Материал с трудом втискивался в рамки 52-минутного телевизионного формата, важными кусками приходилось жертвовать. На Зубовском бульваре, где в здании РИА "Новости" мы монтировали фильм, к нам относились прохладно: с нами монтажеры работали за зарплату, а за сюжеты компании Видео Интернешнл они получали неплохие суммы в долларах. Даже оставить громадную сумку с кассетами-исходниками было негде: каждый раз я привозил ее на Зубовский, а потом забирал домой... Страшно досадовал, что в окончательный вариант картины не вошло интервью Виктора Файнберга (причиной был брак по звуку). Один из семерки демонстрантов, он не был близким другом Вадима. Но в рассказе его прозвучали какие-то чрезвычайно симпатичные наблюдения - жил в его памяти собственный образ Вадима Делоне. Виктор приехал на съемку в кафе "Де Маго", что возле древней парижской базилики Сен-Жермен-де-Пре, и первым делом выставил на столик бутылку водки. Елена Георгиевна умоляюще воскликнула: "Виктор, пожалуйста, только не сейчас!". Файнберг подчинился режиссеру, наполнил бокал, который и держал в руках на протяжении съемки. И только произнеся последние слова: "Помянем Вадика!" выпил...

В конце концов, после долгих мучительных месяцев работы картина была смонтирована, озвучена. В октябре 2000 года в одном из залов Музея кино на Красной Пресне была устроена премьера. Народу собралось множество - друзья и родные Вадима Делоне, наши знакомые, журналисты. Осталось впечатление, что публика хорошо приняла картину - после финальных кадров раздались дружные аплодисменты, нас поздравляли, произносили лестные слова...
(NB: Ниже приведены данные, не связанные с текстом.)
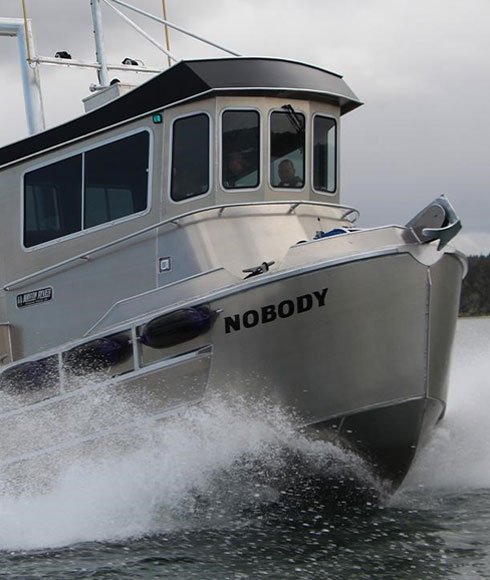North River's new Bristol Bay sport fishing boat powered by a John Deere Marine engine cruising the water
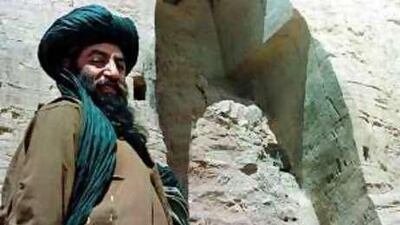 A member of the Taliban stands by the remnants of a destroyed sixth-century Buddha statue in Bamyan, central Afghanistan.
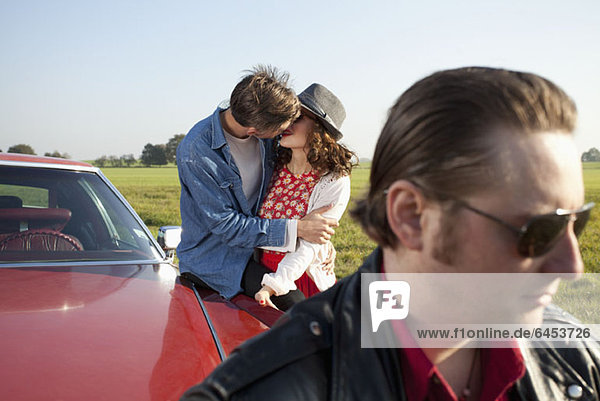A rockabilly couple kissing while leaning on a vintage car  man in foreground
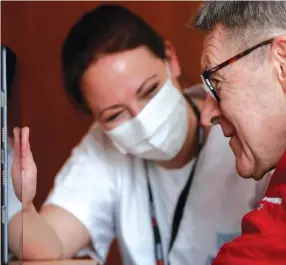  ?? — Reuters ?? Health worker Emilie Neumann helps a 79-year-old resident to attend an online video call with his relatives in France.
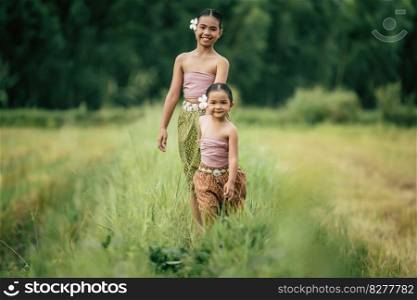 Portrait of two Cute girls in Thai traditional dress walking on rice field, They are smile with happiness and looking at camera, copy space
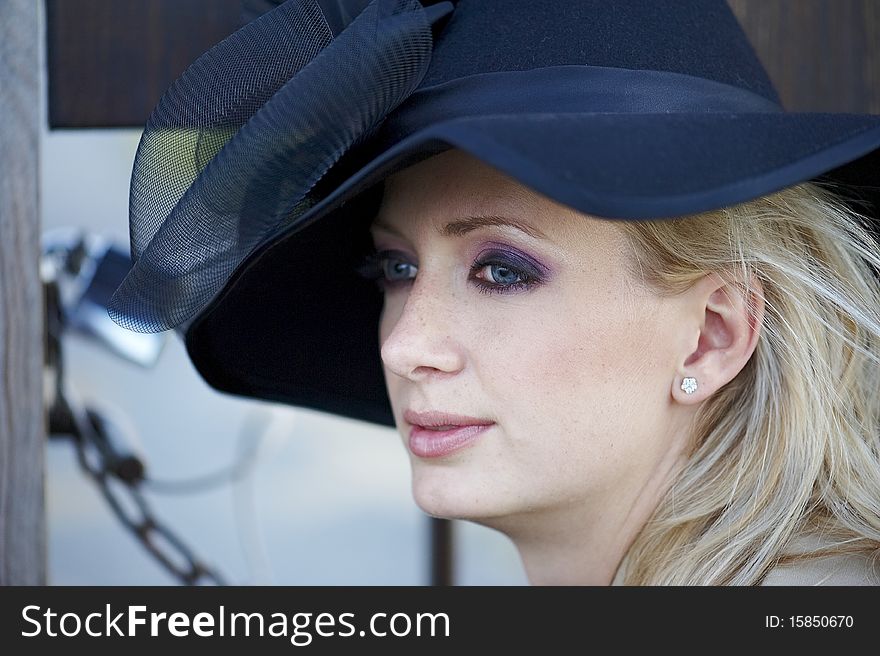 Blonde Woman With Black Hat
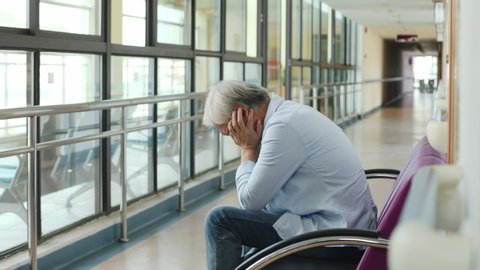 sad and depressed asian old man sitting in chair in hospital corridor 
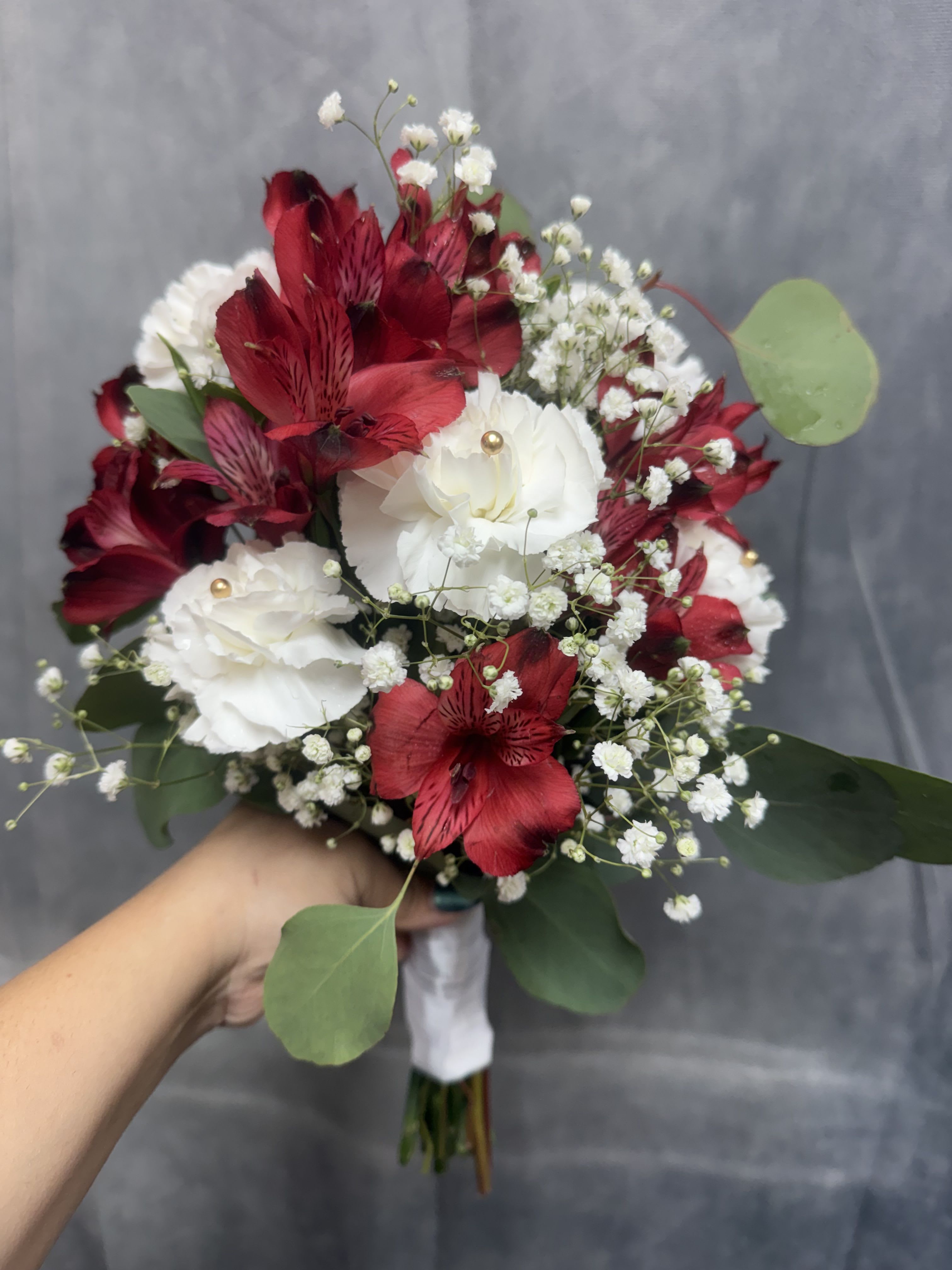 White carnation red prom bouquet  - Red alstroemeria and white carnations with soft green and gold pins. Beautifully wrapped perfect for prom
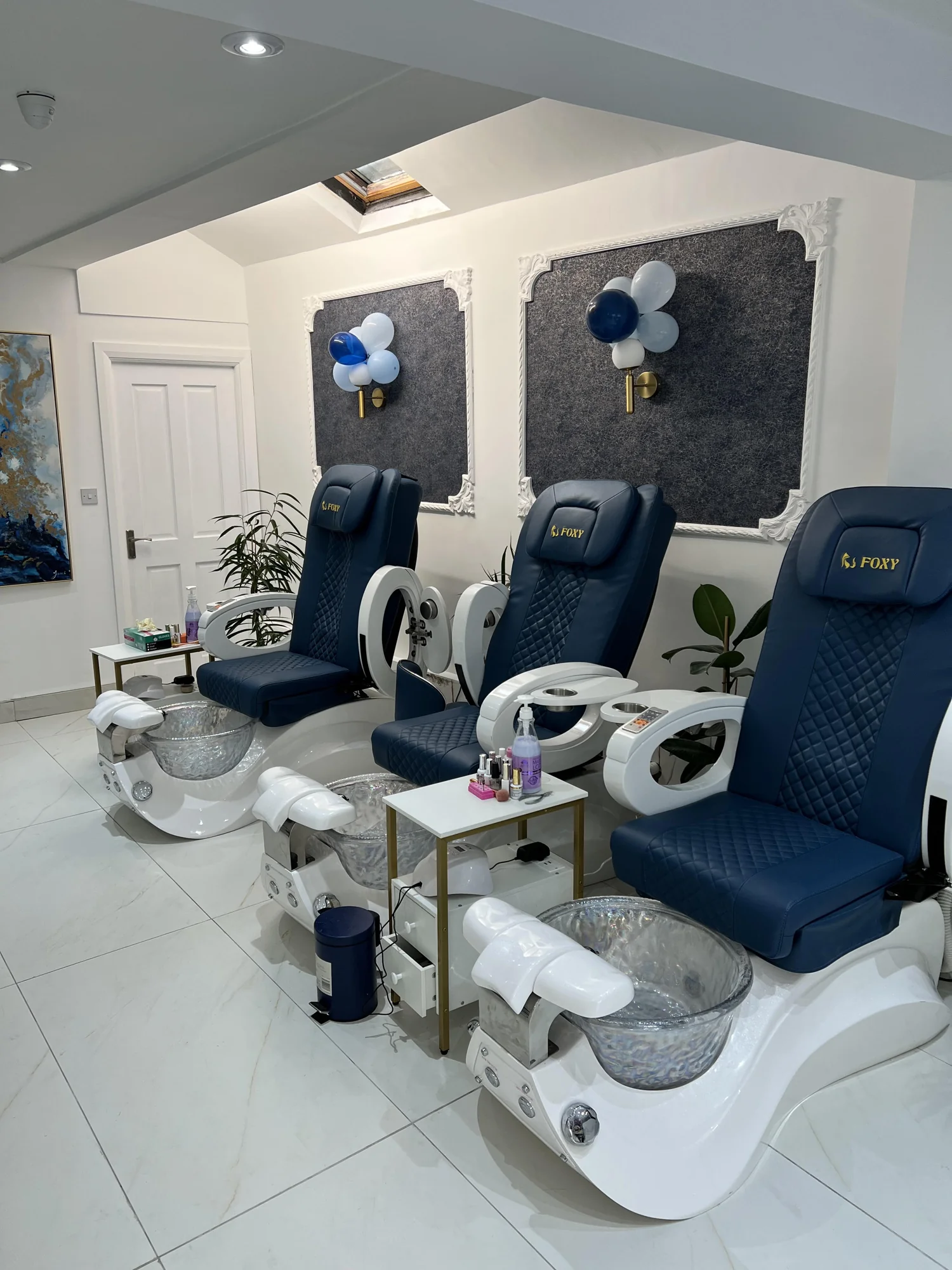 Blue pedicure chairs and spa foot baths inside Foxy Nails and Spa Portlaoise
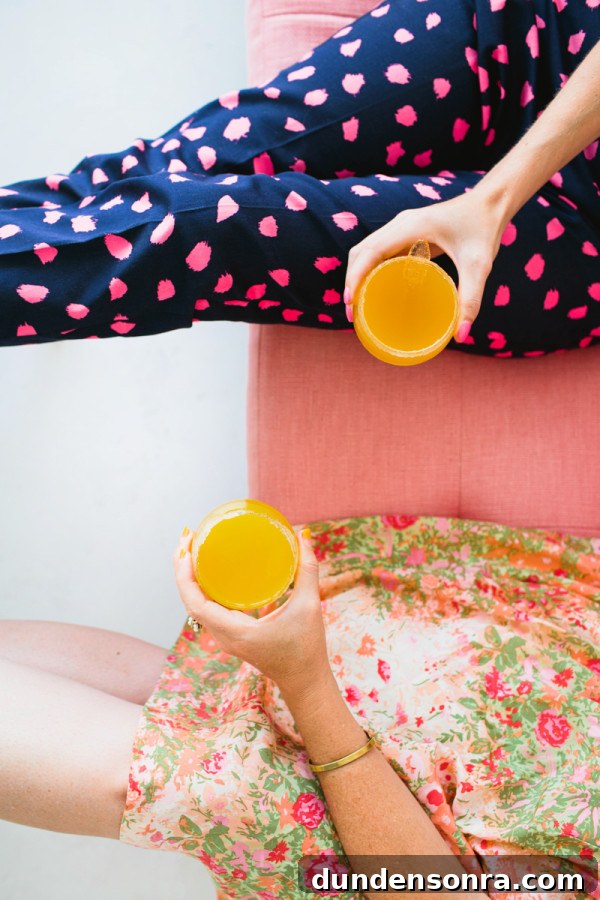 Two women holding orange drinks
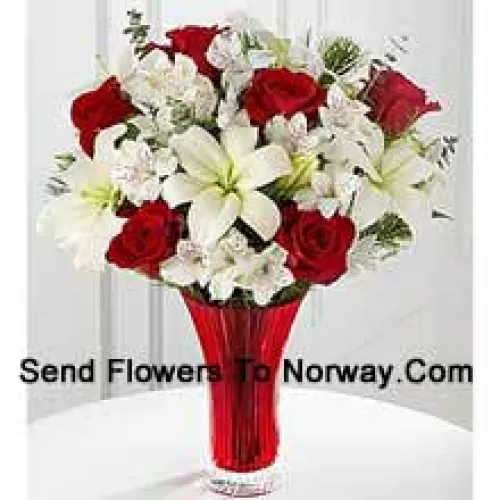 This Bouquet?is a gorgeous expression of yuletide joy and elegance. Red roses pop against a background of white Asiatic lilies and Peruvian lilies lovingly arranged in a red designer glass vase to create a bouquet of seasonal celebration. (Please Note That We Reserve The Right To Substitute Any Product With A Suitable Product Of Equal Value In Case Of Non-Availability Of A Certain Product)
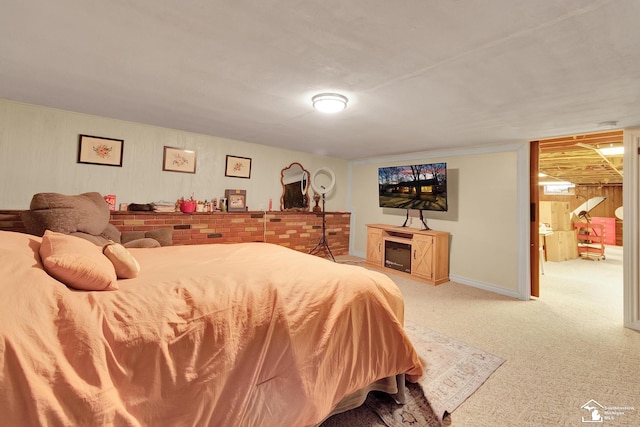 bedroom with baseboards and carpet flooring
Несколькими неделями позже я привез кассету с фильмом и книгу в Париж, где на презентацию собралось немало наших соотечественников. Евгений Сидоров, тогда посол России в ЮНЕСКО, вспоминал об этом мероприятии:

"По инициативе Алика Гинзбурга вечер памяти поэта Вадима Делоне в нашем парижском представительстве. Этот рано погибший юноша, вышедший в 68-м на Красную площадь вместе со своими товарищами в знак протеста против вторжения советских войск в Чехословакию, летел навстречу своей судьбе, как мотылёк на свечу. "Я понимал, что за пять минут свободы на Красной площади я могу расплатиться годами лишения свободы". Так и получилось. Смотрели телевизионный фильм о Вадиме, была представлена хорошая книга о нём Ю. Крохина.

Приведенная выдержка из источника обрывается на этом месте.